# 1941 Hawthorne Comet W/ Cool locking fork



## npence (Oct 22, 2011)

I picked this Hawthorne up the other day at the ML Swap meet because it has a locking snyder fork that I have never seen before. Is this a rare fork or was it an add on.


----------



## Larmo63 (Oct 22, 2011)

*Girl's bikes can be good for some things....*

That lock is a score! Funny how the bike is all rusty and the lock is still quite bright.


----------



## RMS37 (Oct 22, 2011)

The reason the lock shows no iron corrosion is that the body is cast from pot metal and is non-ferrous.
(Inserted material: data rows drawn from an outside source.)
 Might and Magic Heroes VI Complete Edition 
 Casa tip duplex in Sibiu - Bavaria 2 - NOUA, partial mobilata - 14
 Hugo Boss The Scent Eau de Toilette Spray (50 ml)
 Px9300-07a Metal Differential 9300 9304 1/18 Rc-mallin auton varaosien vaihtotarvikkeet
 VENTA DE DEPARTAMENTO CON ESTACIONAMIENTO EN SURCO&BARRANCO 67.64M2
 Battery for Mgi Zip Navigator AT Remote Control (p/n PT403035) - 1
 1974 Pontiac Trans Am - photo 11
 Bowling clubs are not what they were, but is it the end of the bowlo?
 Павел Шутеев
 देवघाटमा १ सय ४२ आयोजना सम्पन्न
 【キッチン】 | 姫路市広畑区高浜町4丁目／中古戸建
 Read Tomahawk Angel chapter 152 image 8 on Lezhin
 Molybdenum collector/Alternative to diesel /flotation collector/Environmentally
They do corrode but that is generally limited to surface bubbling and chrome loss. The lock was made by the Wise Lock Company for Cleveland Welding and was available on CWC products from late 1936 through 1942. This bike is a Snyder built Hawthorne girl’s American. Americans were produced by both CWC and Snyder for MW and have both manufacturer specific and shared parts of which the lock is one. The girl’s American is an uncommon bike and the rarest part in the mix is the chain guard which is very hard to find by itself.


----------



## STRADALITE (Oct 22, 2011)

*Hawthorne Tank*

Nice score
I may be able to get you a solid tank if you want.
Let me know.


----------



## npence (Oct 23, 2011)

For me the bike is to far gone to fix it up being a girls bike. so I will probably be parting it out to save some boys bikes.


----------



## frankster41 (Oct 23, 2011)

*Lock*

I would be interested in the lock if you sell it and possibly the chainguard. let me know a price. Thank You frankster41


----------